::: Data below
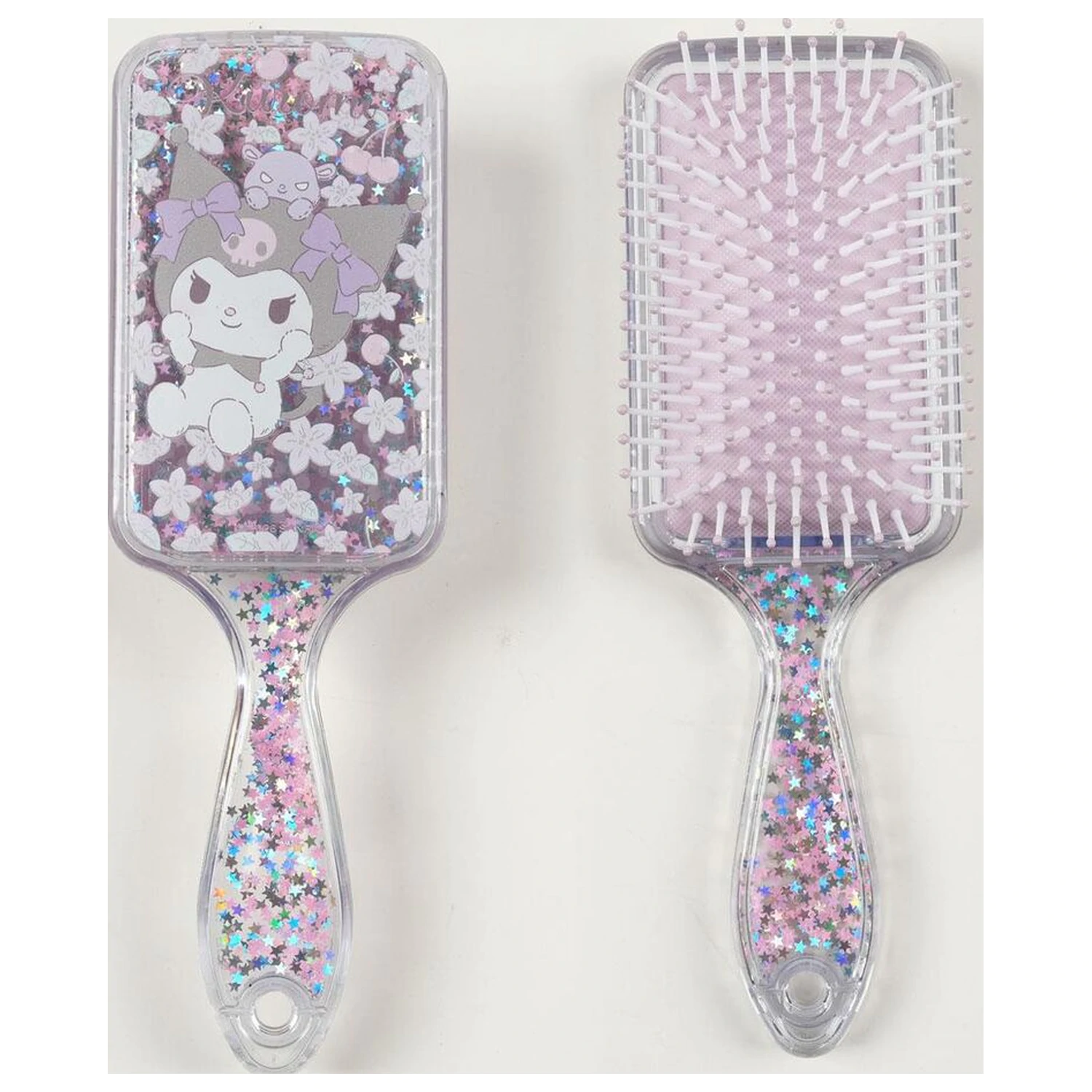 Kuromi Hello Kitty set kutije za ljepotu fotografija proizvoda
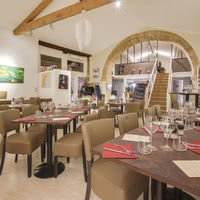 Restaurant La Chapelle
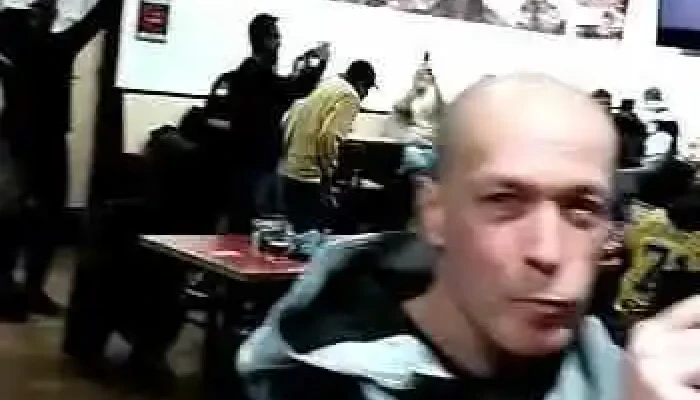 Hasicarna Novesta Videa - U Zimního Stadionu 4286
::::::
# Work instruction
Output all of the data word for word, excluding any pictures.

# Answer to this task
 Kuromi Hello Kitty set kutije za ljepotu fotografija proizvoda
 Restaurant La Chapelle
 Hasicarna Novesta Videa - U Zimního Stadionu 4286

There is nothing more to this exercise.